The School Readiness Act was introduced by Education Reform Subcommittee Chairman Mike Castle (R-DE) on May 22 and approved by the Subcommittee on a party-line vote of 11 – 9 on June 12. The legislation would drastically change Head Start by including a pilot program to allow eight states to combine funding for their own early childhood programs with federal Head Start funds. Head Start advocates claim that by transferring authority for the program from private local entities to states, the federal government will dismantle a very successful program and fail to guarantee the continued application of federal performance and quality standards.

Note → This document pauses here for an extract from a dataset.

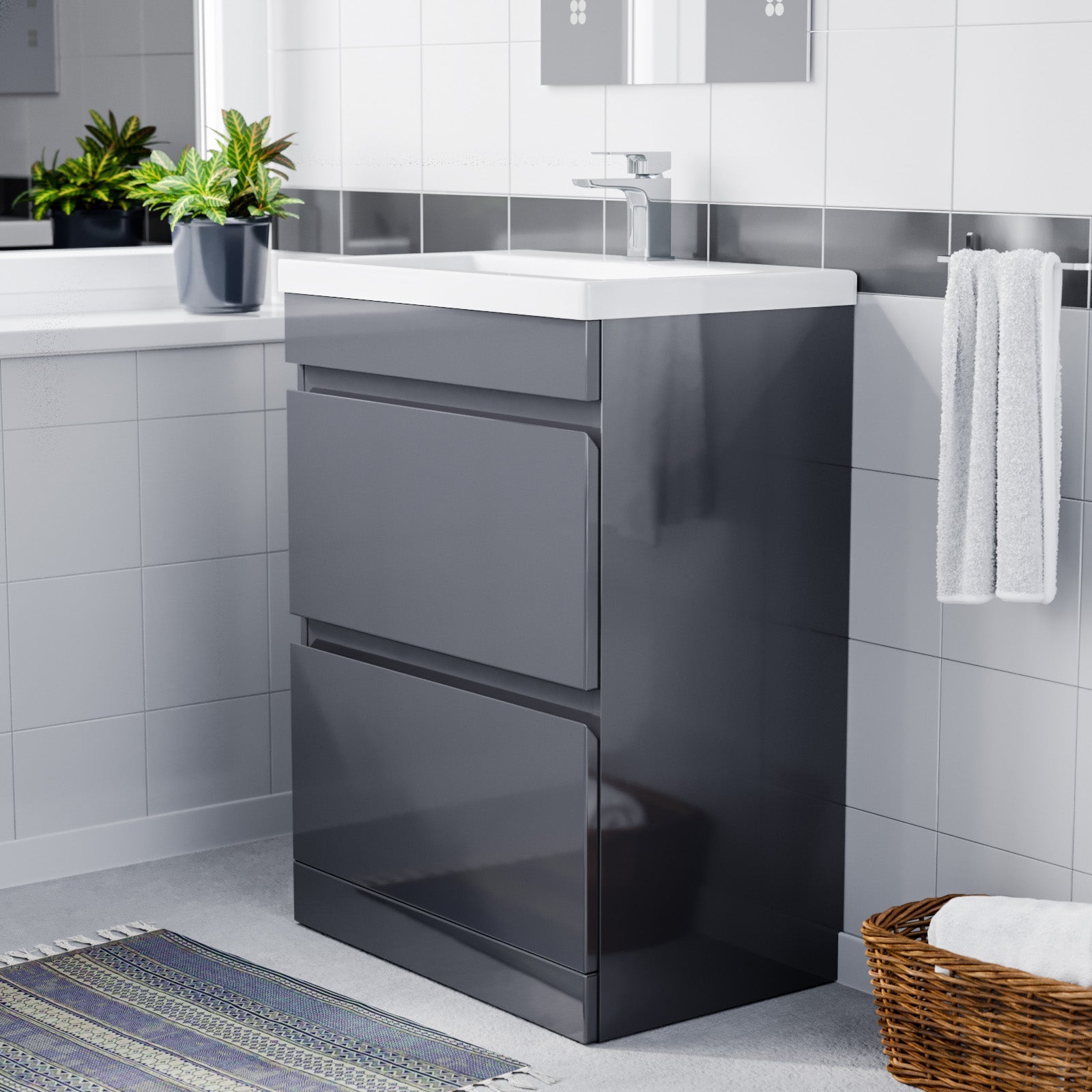 Alaska 600mm 2 Drawers Handless Floorstanding Basin Vanity Cabinet Steel Grey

There are also concerns that the bill does not strictly require states to provide the comprehensive health, social, and nutritional services under the pilot program now provided by Head Start and that faith-based programs would be able to discriminate based on religion in hiring practices.
The original bill gave all states the authority to run their own programs, but after vehement criticism that the legislation would turn Head Start into a block grant with no federal standards, Castle amended his measure in subcommittee markup. The state discretion provision was then turned into a pilot program. Democrats and Head Start advocates and administrators still oppose the provision.
Of further concern to advocates is the bill’s lack of funding. HR 2210 would authorize an increase of approximately $203 million from FY 03, which would amount to barely a cost-of-living increase to cover existing program costs for next year. The bill also requires all new Head Start teachers to have an associate’s degree in early childhood education or a related field within three years and requires that 50 percent of the program’s teachers have a bachelor’s degree by 2008. According to a letter opposing HR 2210 sent to Congress by more than 40 child advocacy and other groups, “there is no funding to ensure that Head Start programs will be able to attract and retain qualified teachers.” Representative Danny Davis (D-IL), sponsored an amendment that would have authorized $685 million the next two fiscal years to pay stipends to Head Start teachers who earn an associate’s or bachelor’s degree. That amendment was defeated 22 – 26.
No legislation has been introduced in the Senate yet for the reauthorization of the program, but the Senate Health, Education, Labor and Pensions committee is scheduled to hold hearings within the next few weeks to determine the next steps for the Senate bill. Any bill containing the pilot program proposal from the House bill or a similar plan will encounter stiff resistance from Senate Democrats.